PROBLEM DESCRIPTION
The needed output is the run of lines below from the one containing "Арматура А500С РОССИЯ Алматы - изображение 3" through the one containing "imagPenguin Select Classics: Great", copied exactly and free of pictures.

─── INPUT DATA

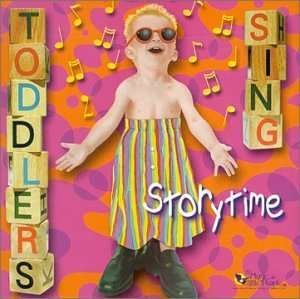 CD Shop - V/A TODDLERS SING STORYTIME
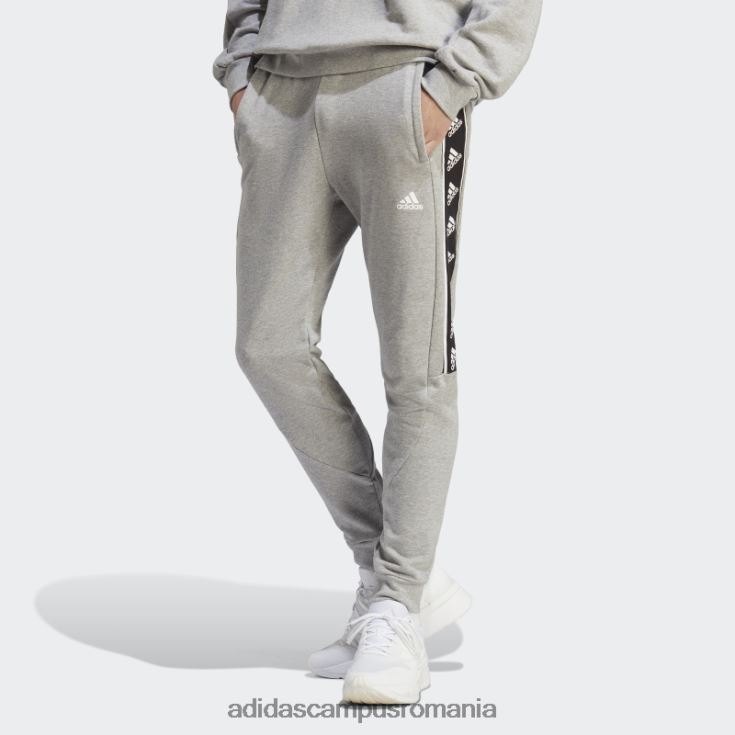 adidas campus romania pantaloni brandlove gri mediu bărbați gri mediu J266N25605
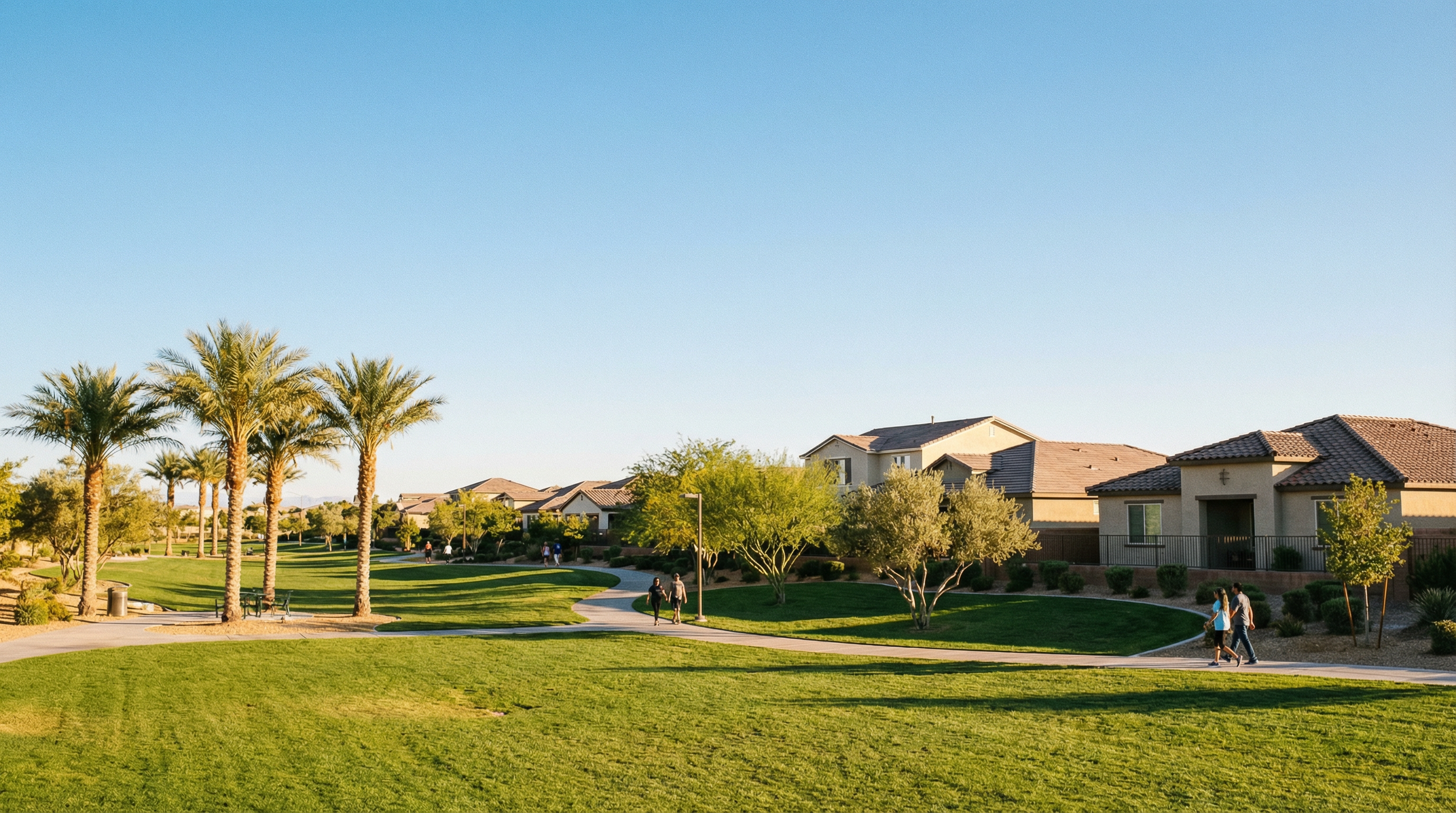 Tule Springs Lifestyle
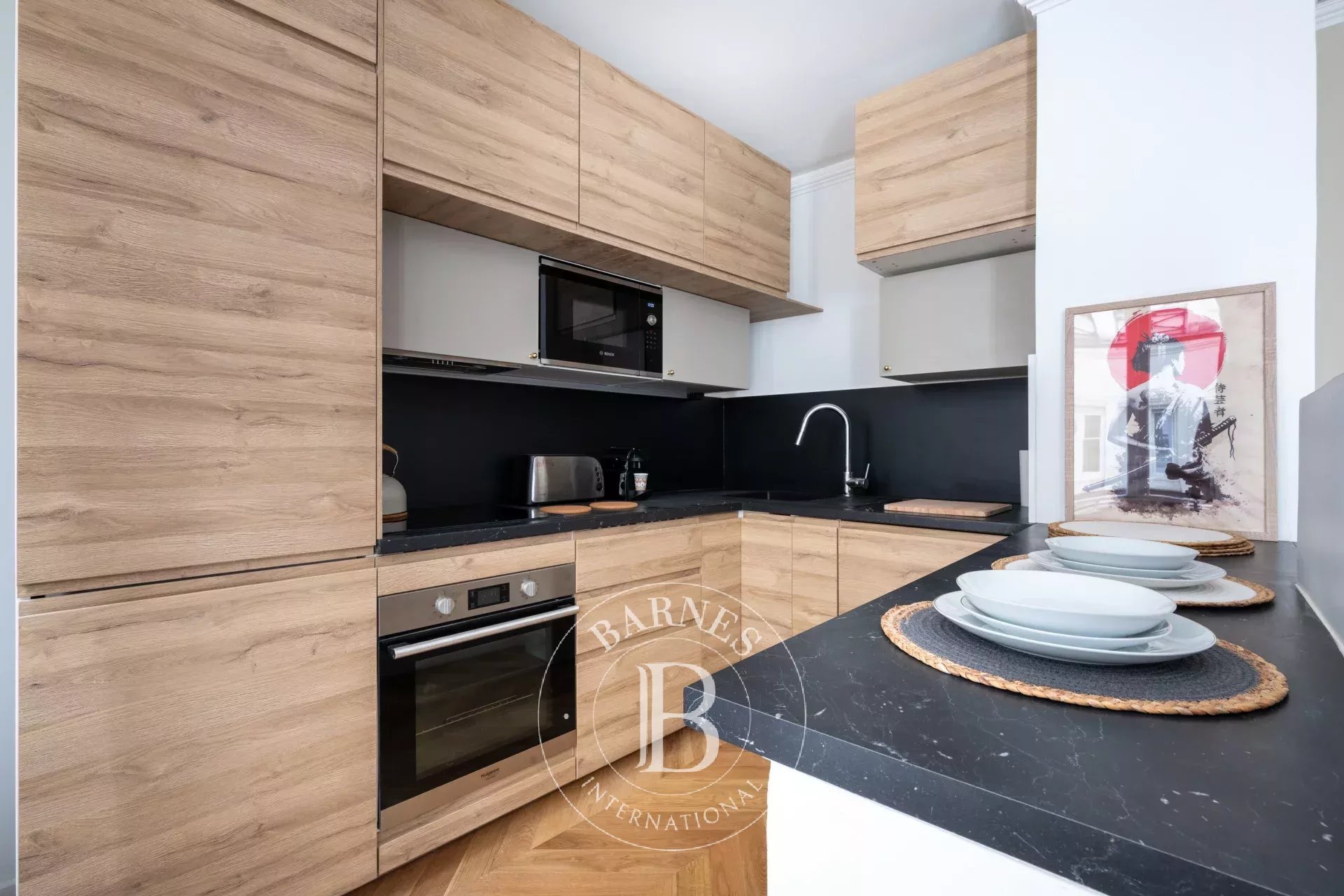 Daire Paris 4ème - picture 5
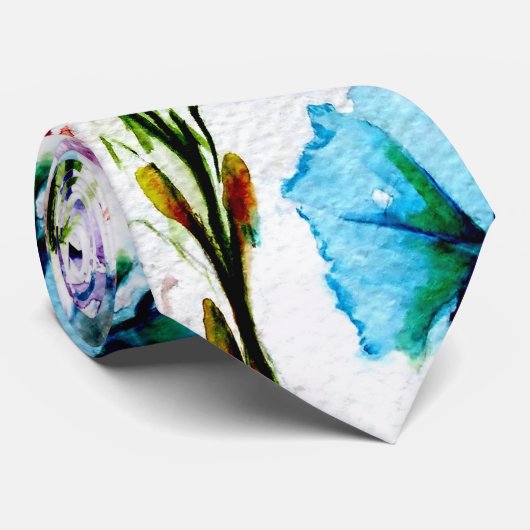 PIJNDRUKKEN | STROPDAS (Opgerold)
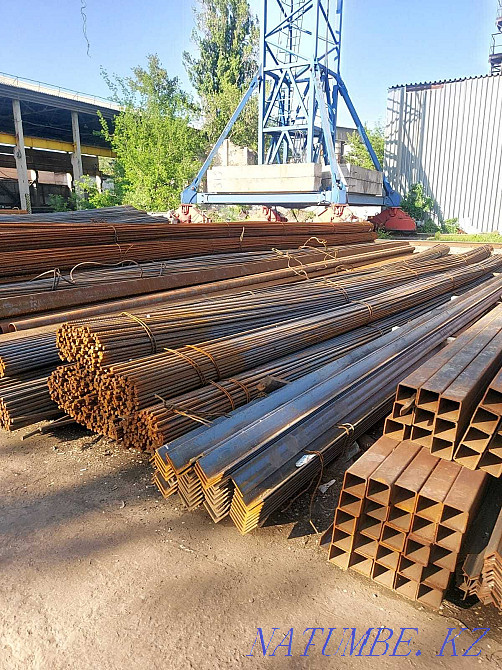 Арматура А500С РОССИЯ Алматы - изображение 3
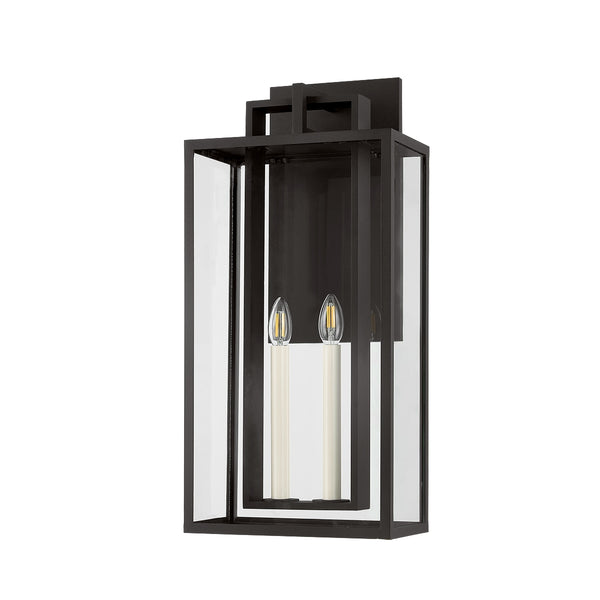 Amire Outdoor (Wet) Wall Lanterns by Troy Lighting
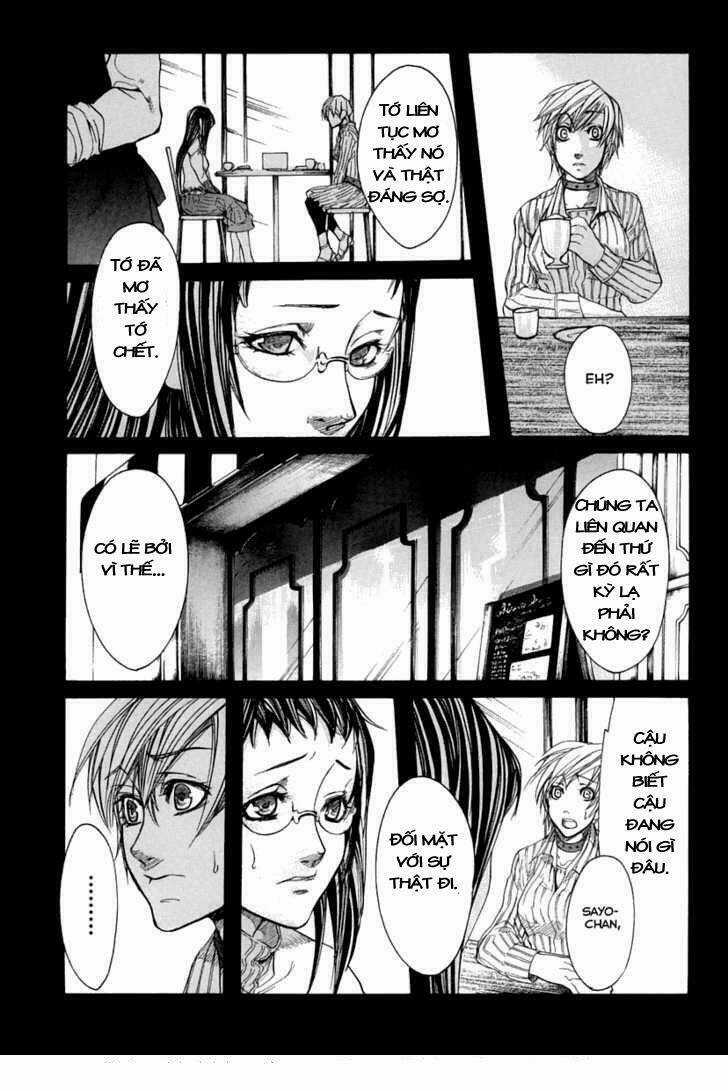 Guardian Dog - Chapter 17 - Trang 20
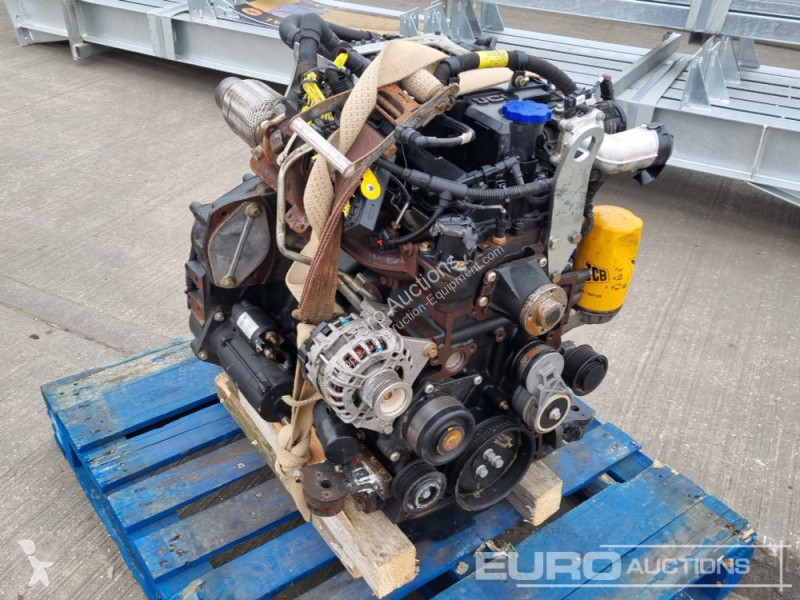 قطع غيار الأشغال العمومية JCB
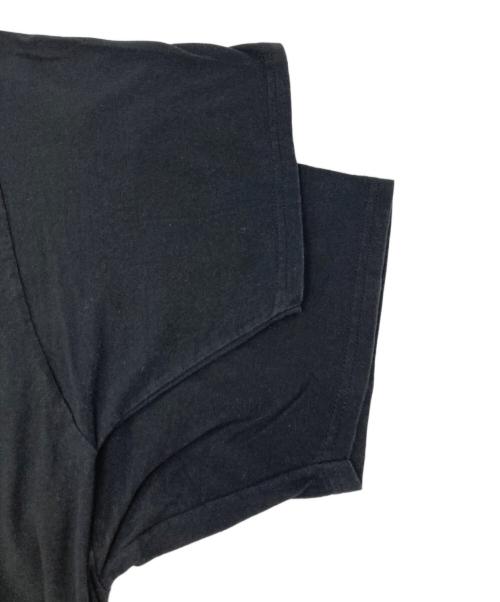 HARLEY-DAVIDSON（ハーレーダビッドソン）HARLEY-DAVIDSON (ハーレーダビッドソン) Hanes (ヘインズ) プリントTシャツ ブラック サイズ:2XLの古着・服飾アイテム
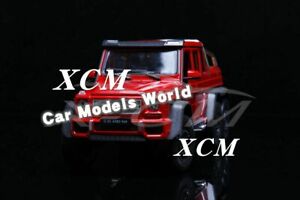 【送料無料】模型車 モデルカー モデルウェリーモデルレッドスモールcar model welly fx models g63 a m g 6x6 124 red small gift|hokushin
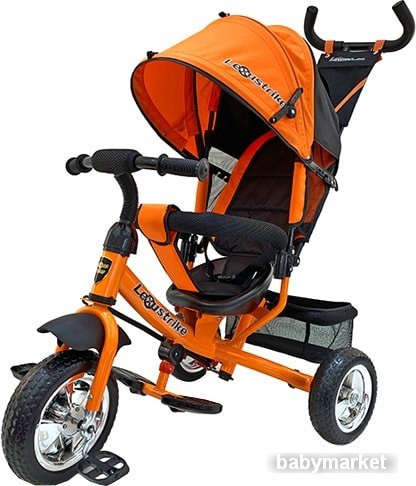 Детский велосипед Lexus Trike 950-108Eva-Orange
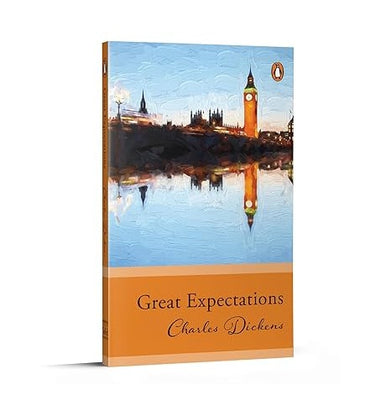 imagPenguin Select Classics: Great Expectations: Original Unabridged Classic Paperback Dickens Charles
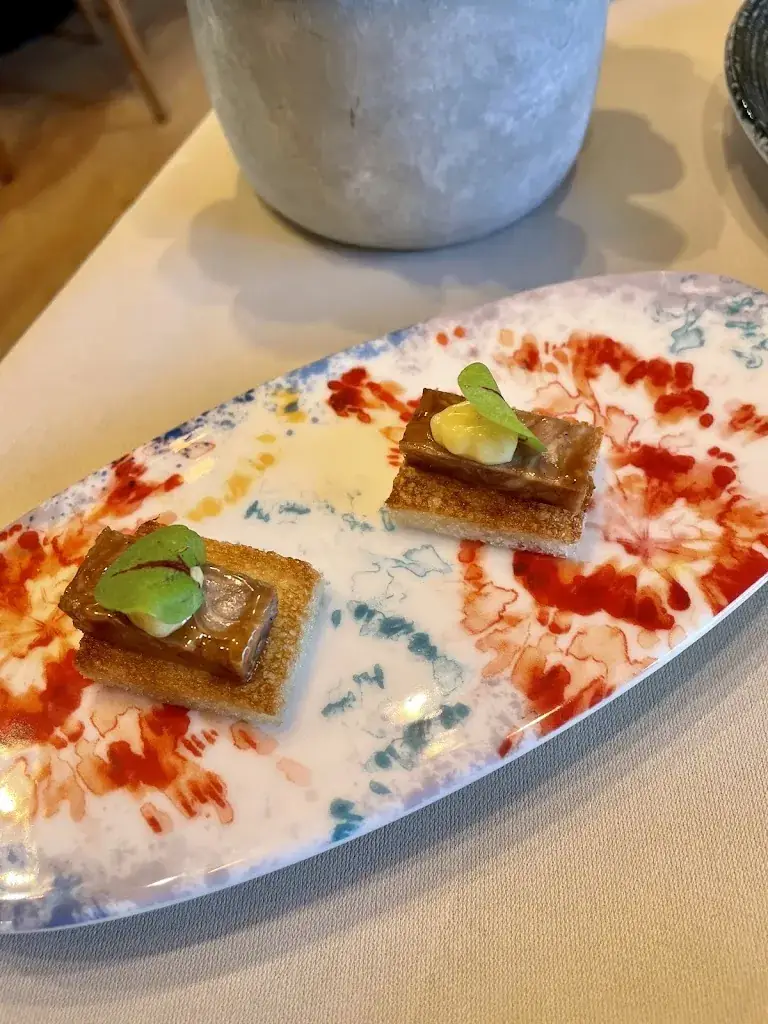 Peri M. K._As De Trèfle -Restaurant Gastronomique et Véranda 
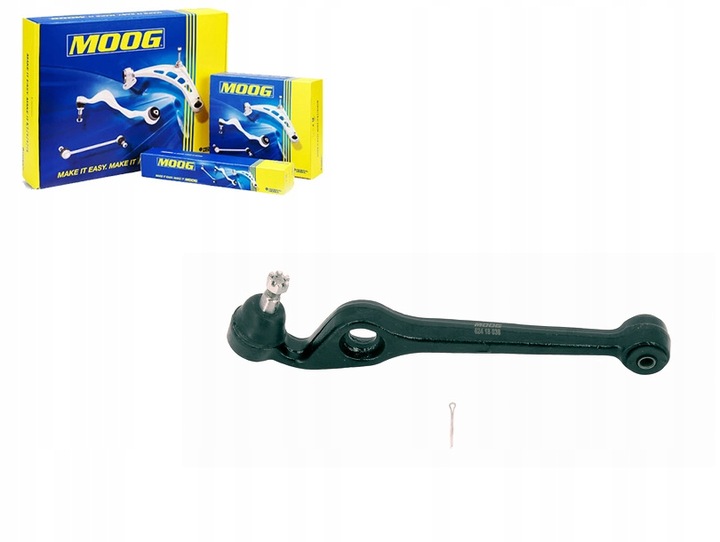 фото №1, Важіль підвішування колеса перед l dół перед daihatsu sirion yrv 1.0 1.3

──────

RESPONSE TO THIS EXERCISE
 Арматура А500С РОССИЯ Алматы - изображение 3
 Amire Outdoor (Wet) Wall Lanterns by Troy Lighting
 Guardian Dog - Chapter 17 - Trang 20
 قطع غيار الأشغال العمومية JCB
 HARLEY-DAVIDSON（ハーレーダビッドソン）HARLEY-DAVIDSON (ハーレーダビッドソン) Hanes (ヘインズ) プリントTシャツ ブラック サイズ:2XLの古着・服飾アイテム
 【送料無料】模型車 モデルカー モデルウェリーモデルレッドスモールcar model welly fx models g63 a m g 6x6 124 red small gift|hokushin
 Детский велосипед Lexus Trike 950-108Eva-Orange
 imagPenguin Select Classics: Great Expectations: Original Unabridged Classic Paperback Dickens Charles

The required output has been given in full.